— What you need to do —
This calls for a word-for-word copy of all the data, with each picture removed.

— Input material —
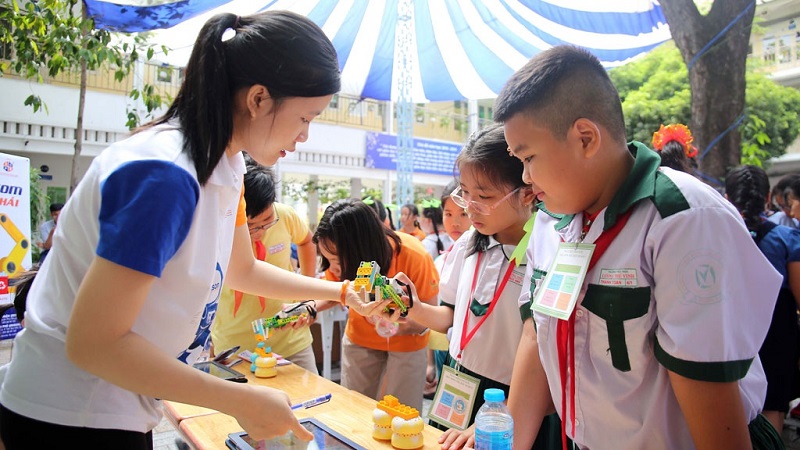 Learn math in the STEM method by combining interdisciplinary.  (Photo: Thanh Nien Newspaper)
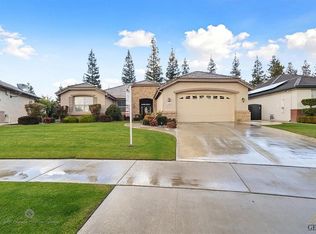 10008 China Rose Ave, Bakersfield, CA 93311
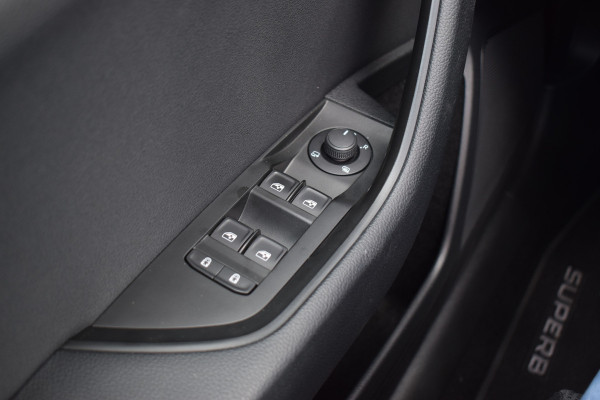 Škoda Superb Combi 1.5 TSI ACT Ambition Business | Panorama | Trekhaak | Apple Carplay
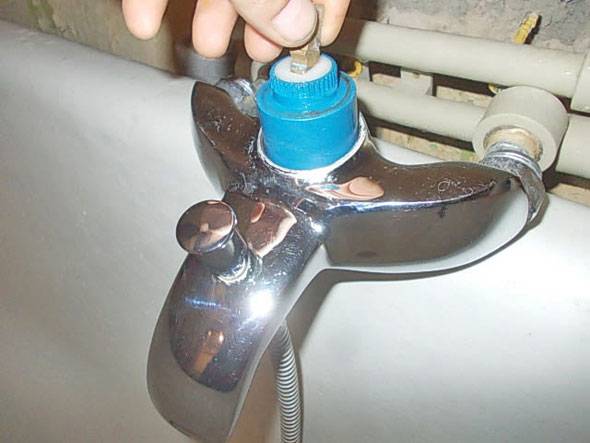 Der Wasserhahn im Badezimmer tropft unter dem Schalter der Duscharmatur hervor: Was tun, wenn der Knopf an der Badewannenarmatur undicht ist?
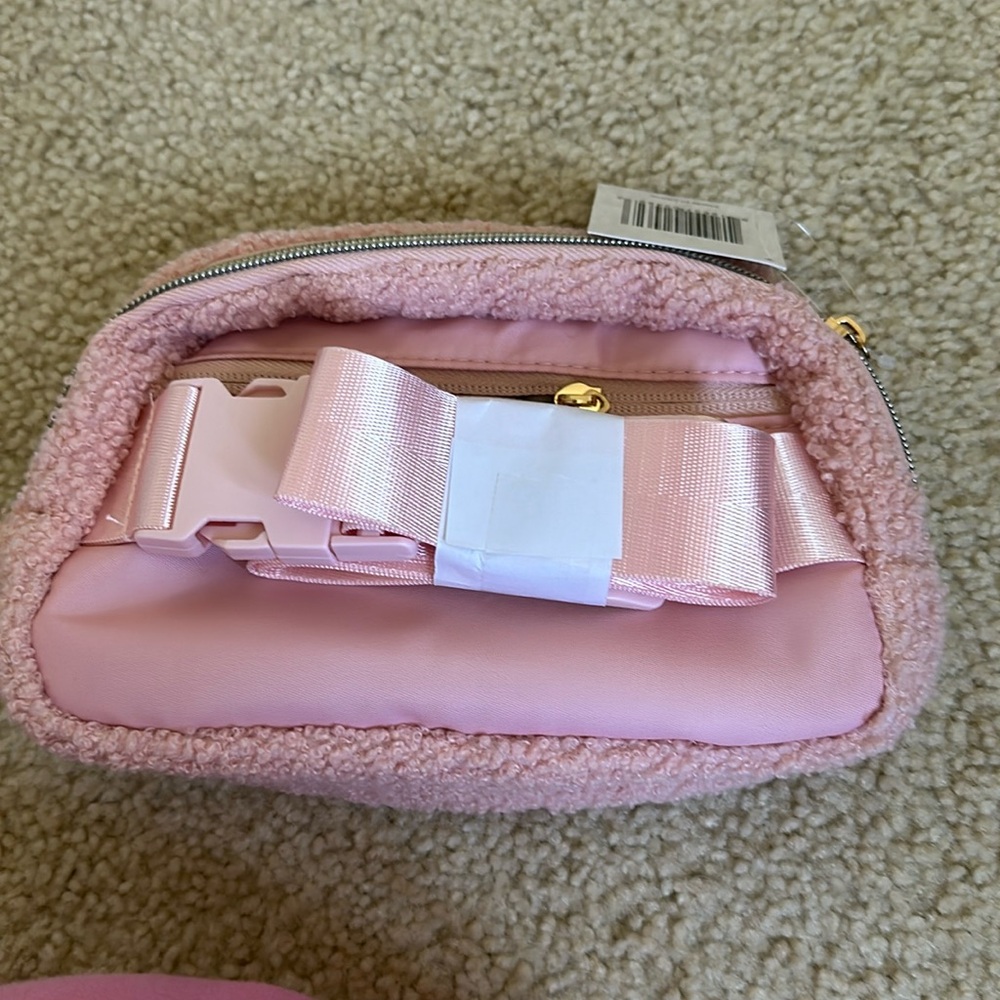 Small cross body bag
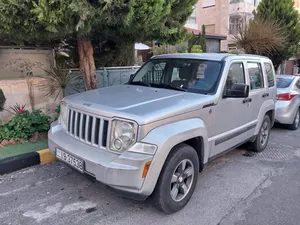 jeep liberty 4x4 بسعر حرق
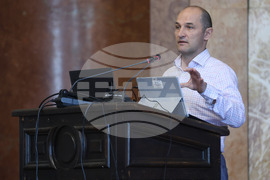 Софийски университет - дискусия за инвестициите в иновации на българските предприятия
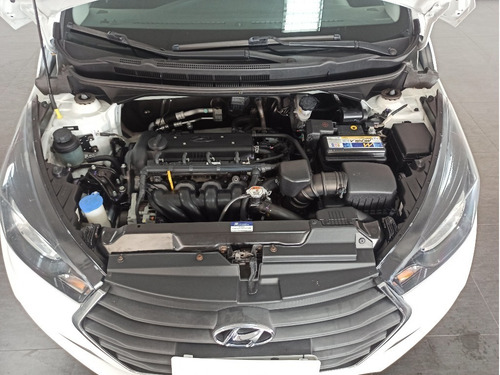Imagem 7 de 14 de Hyundai Hb20 1.6 Comfort Style 16v Flex 4p Manual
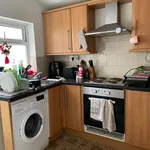 Rent 4 bedroom house in Wales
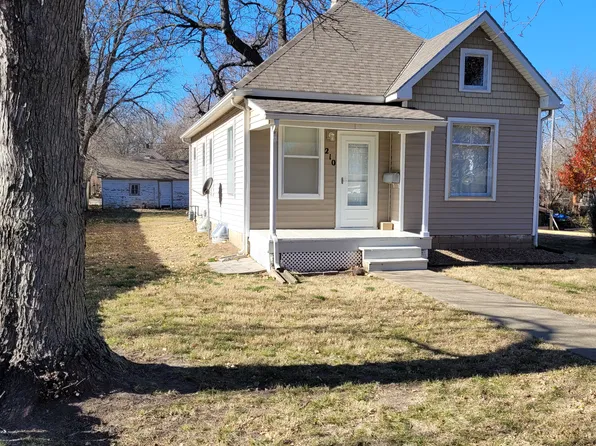 210 S 2nd St, Lindsborg, KS 67456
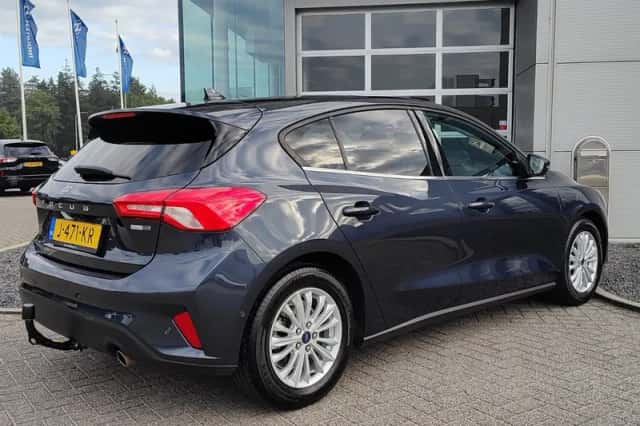 Ford Focus (2020) thumbnail 6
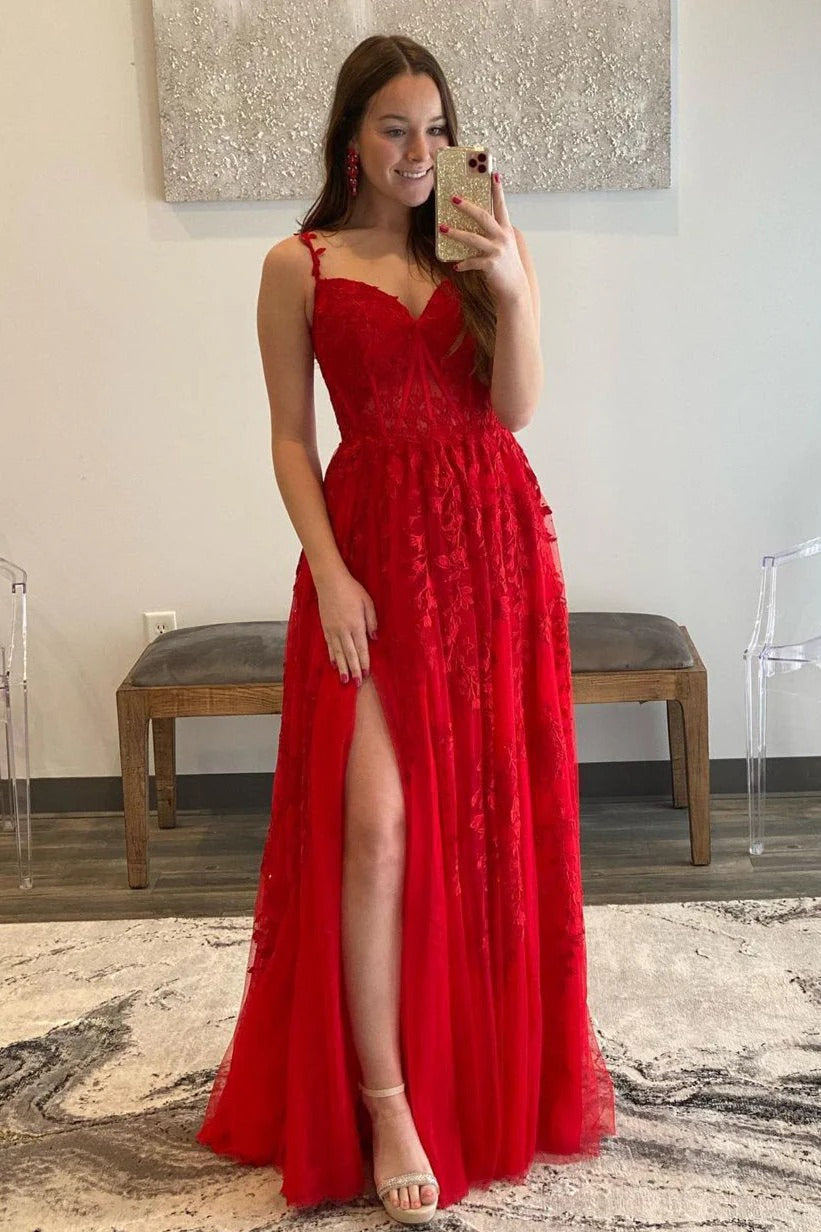 Floral Appliqué Tulle Gown – Off-the-Shoulder Prom Dress with Slit and Train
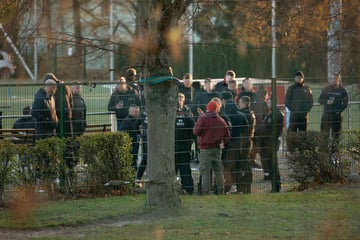 Zoff eskaliert: Fußball-Fans bei Oberliga-Spiel verletzt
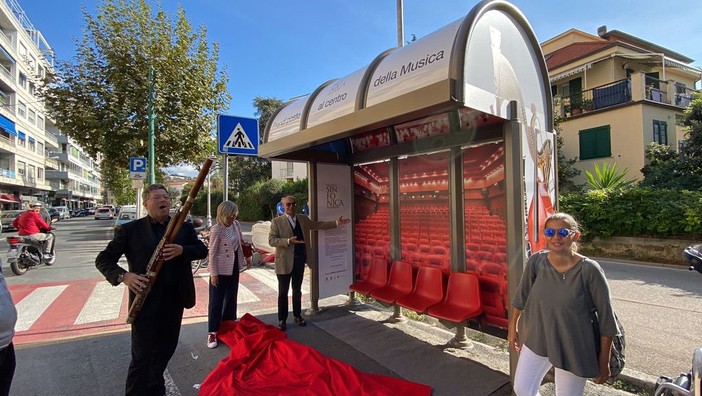 Sanremo: fermata dell'autobus diventa un teatro, la Sinfonica presenta la stagione della 'ripartenza' a fianco della città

— Your solution —
 Learn math in the STEM method by combining interdisciplinary.  (Photo: Thanh Nien Newspaper)
 10008 China Rose Ave, Bakersfield, CA 93311
 Škoda Superb Combi 1.5 TSI ACT Ambition Business | Panorama | Trekhaak | Apple Carplay
 Der Wasserhahn im Badezimmer tropft unter dem Schalter der Duscharmatur hervor: Was tun, wenn der Knopf an der Badewannenarmatur undicht ist?
 Small cross body bag
 jeep liberty 4x4 بسعر حرق
 Софийски университет - дискусия за инвестициите в иновации на българските предприятия
Imagem 7 de 14 de Hyundai Hb20 1.6 Comfort Style 16v Flex 4p Manual
 Rent 4 bedroom house in Wales
 210 S 2nd St, Lindsborg, KS 67456
 Ford Focus (2020) thumbnail 6
 Floral Appliqué Tulle Gown – Off-the-Shoulder Prom Dress with Slit and Train
 Zoff eskaliert: Fußball-Fans bei Oberliga-Spiel verletzt
 Sanremo: fermata dell'autobus diventa un teatro, la Sinfonica presenta la stagione della 'ripartenza' a fianco della città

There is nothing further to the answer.